Performing the cross-over bounce with the lacrosse ball was positive. I think having bounced the basketball often in my youth helped. The firm surface and weight of the ball also played a key role. It settled in my hand easily and any way my hands closed around the ball worked. Moving on in the progression to the tennis ball was more complex. The ball adding challenge to the cross-ball bounce movement. The weight of the tennis ball adding new dimensions. Providing more element to add challenge in my brain. Bringing reliance on the fine motor movement of my fingers. My fingers would be called upon to close more gently around the tennis ball upon arrival. If the securing squeeze was too firm, the tennis ball would likely pop out of my hands. The positioning of my hand to receive the ball would also play an added role. Especially my left hand, would require more supination than is natural. Cerebral palsy making it challenging to fully rotate my wrist skyward. In order for the lighter weighted ball to be secured, the flattened hand surface was needed. My fingers would require the full extension as well. Giving the tennis ball ample room to land. The task has been going on for weeks. My brain and wrist having trouble with the adjustments needed. Often finding myself missing one or two catches with lefty. My focus might not full be engaged and the wrist isn’t stretched all the way open. Bernard will remind me to really focus on turning my left wrist to the sky and open my fingers. Placing me in a much better position to make the catches.

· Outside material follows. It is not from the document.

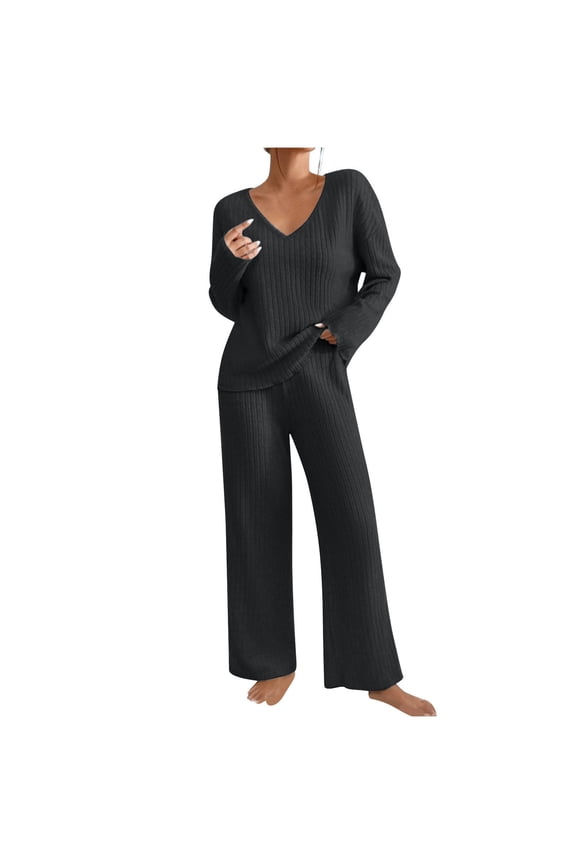 Loungewear Sets for Women Baggy Pajama Set Women 2 Piece Outfits Lightweight Soft V-Neck Long Sleeve Jumpers and Wide Leg Trousers Sleepwear Knitwear Homewear Relaxed Fit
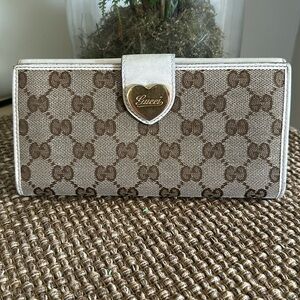 Gucci Ophidia Beige GG Canvas and Leather Wallet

Each time the tennis ball popped out of my left hand was disheartening. The stretching of my left wrist to flatten the palm took concentration. As my brain experienced new challenges with the cross-over bounce. Our goal is for cerebral palsy improvement of all kinds. The bouncing and catching of different athletic balls in one phase. Attempting to help me make better use of my hands. From the more gross motor movements of working with the lacrosse ball, requiring little finesse in my fingers. We moved on to the tennis ball, which challenge many more physical capabilities. Forcing me to focus on a wrist movement my body found challenging. To working on the fine motor control on my fingers. Making attempts to be gentle and controlled with the finger movements. My ability to catch onto the movement with the lacrosse ball went smoothly. Relying heavily on years of dribbling a basketball. Both balls calling for little grace in the hand to handle properly. The tennis ball turned out to be a whole other thing entirely. Working with the tennis ball causing frustration. As my hands require practice in all the areas called upon. Handling the ball gently, turning over the wrist, and bouncing the ball in an advantageous direction. Even through the aggravation, I understand how much working with balls helps my disability. Making every physical task a little easier. So, as we progress to even greater ball challenges. I know my coordination will only improve.